Imperial Palace Sakurada Moat Repairs

桜田濠の工事

For the past few days, the Sakurada Moat (Sakuradabori in Japanese) of the Imperial Palace in Tokyo has had a barge floating in it loaded with all sorts of construction-related equipment.

Sakurada Moat, Imperial Palace, Tokyo, Japan, with barge doing repair work.
Sakurada Moat of the Imperial Palace, Tokyo, with Marunouchi district in background.
The following sign in front of Sakuradamon Gate explained it all: "We're repairing the stone slabs in Sakurada Moat." Looking it up, it seems that this happens every two or three years.

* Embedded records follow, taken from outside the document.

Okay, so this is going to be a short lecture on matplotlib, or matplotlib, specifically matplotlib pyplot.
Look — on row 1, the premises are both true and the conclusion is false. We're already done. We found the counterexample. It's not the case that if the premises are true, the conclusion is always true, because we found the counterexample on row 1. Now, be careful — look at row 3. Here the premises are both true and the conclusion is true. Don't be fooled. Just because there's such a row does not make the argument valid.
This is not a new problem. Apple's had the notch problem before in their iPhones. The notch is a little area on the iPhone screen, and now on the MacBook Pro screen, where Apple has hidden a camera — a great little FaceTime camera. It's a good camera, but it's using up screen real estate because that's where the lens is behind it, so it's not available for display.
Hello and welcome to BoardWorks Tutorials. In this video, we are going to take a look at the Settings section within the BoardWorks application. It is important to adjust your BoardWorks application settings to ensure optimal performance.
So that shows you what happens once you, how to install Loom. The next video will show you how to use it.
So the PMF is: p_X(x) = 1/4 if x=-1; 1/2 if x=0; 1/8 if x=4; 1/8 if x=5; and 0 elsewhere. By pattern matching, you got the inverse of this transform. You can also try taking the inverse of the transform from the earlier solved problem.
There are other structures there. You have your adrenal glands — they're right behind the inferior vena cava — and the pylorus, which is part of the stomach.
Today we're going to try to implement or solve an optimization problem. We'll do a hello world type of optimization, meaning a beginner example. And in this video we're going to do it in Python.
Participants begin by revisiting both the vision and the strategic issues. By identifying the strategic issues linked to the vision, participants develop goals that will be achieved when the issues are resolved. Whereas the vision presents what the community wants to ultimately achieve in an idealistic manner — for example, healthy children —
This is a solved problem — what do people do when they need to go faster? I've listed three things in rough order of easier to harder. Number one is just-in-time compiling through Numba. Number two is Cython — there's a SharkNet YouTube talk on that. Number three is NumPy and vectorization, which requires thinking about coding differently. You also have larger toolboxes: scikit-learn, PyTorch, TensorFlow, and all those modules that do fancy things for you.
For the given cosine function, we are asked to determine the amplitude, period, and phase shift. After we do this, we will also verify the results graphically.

Sakurada Moat repair information board, Imperial Palace.
Information board for the Sakurada Moat repair work
There are numerous moats - 15 to be precise - around the Imperial Palace, excavated during the rule of the first three Tokugawa Shoguns, Ieyasu (1543-1616), Hidetada (1579-1632) and Iemitsu (1604-1651). who inhabited what was then known as Edo Castle.

Sakurada Moat, Imperial Palace, Tokyo, Japan, plus barge doing repair work.
Sakurada Moat of the Imperial Palace, Tokyo, with Hanzomon district in background.
The Sakurada (literally "cherry blossom field") Moat is the moat that goes from about the "6 o'clock" to "9 o'clock" stretch of the perimeter of the Imperial Palace, or, in terms of landmarks, from Sakuradamon Station ("Sakuradamon" meaning "Sakurada Gate," one of the Palace's nine gates) up to about the National Theater of Japan.

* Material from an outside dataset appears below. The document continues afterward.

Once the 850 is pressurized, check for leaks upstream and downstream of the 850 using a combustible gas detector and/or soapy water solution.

Sakurada Moat, Imperial Palace, Tokyo, Japan, with up-close of a barge doing repair work.
Sakurada Moat of the Imperial Palace, Tokyo, with Hanzomon and Kojimachi districts in background.
Sakuradamon Gate has a somewhat bloody role in Tokyo history, having been the scene of the assassination of the Chief Minister of State at the time, Ii Naosuke (1815–1860), on March 24 1860 by disaffected samurai who protested his having signed the 1858 Treaty of Amity and Commerce with the United States, thus opening up Japan further to Western influence.

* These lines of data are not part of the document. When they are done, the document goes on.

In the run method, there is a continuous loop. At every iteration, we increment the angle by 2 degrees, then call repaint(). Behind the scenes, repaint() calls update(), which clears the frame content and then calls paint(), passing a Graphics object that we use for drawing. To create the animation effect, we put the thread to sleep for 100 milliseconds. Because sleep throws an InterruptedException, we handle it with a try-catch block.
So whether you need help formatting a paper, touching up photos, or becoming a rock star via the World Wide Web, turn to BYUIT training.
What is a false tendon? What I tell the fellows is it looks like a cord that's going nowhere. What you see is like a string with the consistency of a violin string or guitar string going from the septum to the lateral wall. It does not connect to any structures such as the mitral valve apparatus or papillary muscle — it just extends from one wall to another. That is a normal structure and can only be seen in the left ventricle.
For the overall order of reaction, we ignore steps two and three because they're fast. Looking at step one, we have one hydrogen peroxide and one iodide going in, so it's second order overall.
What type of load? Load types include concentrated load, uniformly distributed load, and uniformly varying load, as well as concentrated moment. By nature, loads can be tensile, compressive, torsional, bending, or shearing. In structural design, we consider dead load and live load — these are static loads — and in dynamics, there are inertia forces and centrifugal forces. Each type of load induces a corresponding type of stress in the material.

Sakuradamon Gate was also where a disaffected Korean nationalist tried to assassinate the Emperor on January 9 1932 by throwing a grenade at him.

Anyway - to return to the present - Sakuradamon Moat is currently a scene of great activity, as the photos show, complete with divers.

Sakurada Moat, Imperial Palace, Tokyo, Japan, with two divers doing repair work.
Divers in Sakurada Moat, Imperial Palace, Tokyo, doing repair work on the stone walls of the moat.